Recent survey reveals teachers lag behind student desire to identify gender pronouns

Graphic courtesy of out.com

22% of CVHS students reported using non-traditional pronouns in a recent survey.

Ava Lim and Brooke J Ferrell

 

In an Upstream News survey with 120 participating CVHS students, 90.8% of students believed it to be important to ask for others’ pronouns and 22% of students reported using non-traditional pronouns–but only 3.3% of students reported all of their teachers inquiring about their pronouns in the first week of school. 

Despite criticism from some, they/them pronouns have gained prominence in use as singular pronouns in the English language.
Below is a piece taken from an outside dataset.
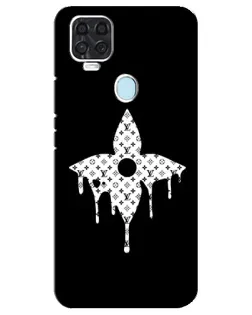 Чехол для ZTE Blade V2020 с картинкой «Цветочная монограмма»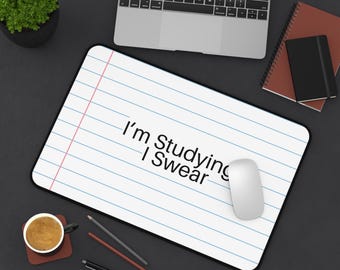 I'm Studying Notepad desk mat, Back To School Accessories, Dorm Gift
Additionally, 50% of Generation Z (those born between 1995-2010) agree that traditional gender roles and binary gender labels are outdated.

Someone’s pronouns offer self-expressive freedom, according to junior Kent Mascheck. 

“I really never fit in as a boy or a girl, or anywhere within the gender binary. So I felt like every time I was out, I’d have to put on a mask,” Mascheck said. “Then I found freedom through my they/them pronouns.”

Duke University’s Department of Gender, Sexuality, and Feminist Studies and the Duke Center for Instructional Technology believe the best way to support this facet of student expression is for teachers to acknowledge it. The institution has training dating back to 2017 recommending all professors to ask for student pronouns. 

Even if all of your students appear to be gender-normative, there may be students whose pronoun preferences don’t match their gender presentation,” wrote postdoctoral associate in Transgender Studies Nick Clarkson at the time of the initial recommendations.

Image courtesy of Ava Lim. Source: them.us.

Guidance counselor Marcello Frau also considers asking for pronouns to be essential for student comfort in school. 

“You have to ask,” Frau said. “Okay, so you want to go by this name; what pronouns do you want to be identified by?” 

However, there can be controversy associated with the issue. Some students, like Mascheck, prefer taking the opportunity of a teacher asking about pronouns to make a “public announcement” of their pronouns to the class. Other students find an interaction in front of the class to be daunting. 

“[Asking for pronouns] can make students feel awkward; especially those who identify differently because they may not want to announce it to the whole class,” said one student who participated in the anonymous survey.

This controversy was particularly apparent in the survey, where some students were leery of teachers asking about pronouns in class.

Teacher Samantha Shields offers a solution to this debate.

“I did a survey,” Shields said. “I always ask [for] their name choices.”

But the recent shifts in students using non-conventional pronouns prompted her to add a few questions, including preferred name, pronouns, and where those pronouns could be used.

“A lot of times students will tell me their pronouns, but I’m not supposed to use those pronouns for other people so I wanted to be sure what I was supposed to do because it’s not my intention to make anybody feel uncomfortable,” Shields said. 

Without options like Shields’ survey, students can find the process of repeatedly coming out to new teachers intimidating.

“I had to come out to every teacher,” said Mascheck, “and even that’s very confrontational and that was something that’s such like a brand new subject. It’s very scary.”

But Frau expressed that not all solutions need to be as comprehensive. He recommends something “as simple as on an index card.”

However, despite the many different approaches to this issue, there is one clear consensus among CVHS students surveyed: the way schools support gender expression needs to be left up to the students.

Teacher Kristen Davis-Owen puts the heart of educators succinctly. “What I hope schools do,” Davis-Owen said, “is prioritize the individuals in the building above the politics in the building.” Why? “Because they’re the ones who matter more.”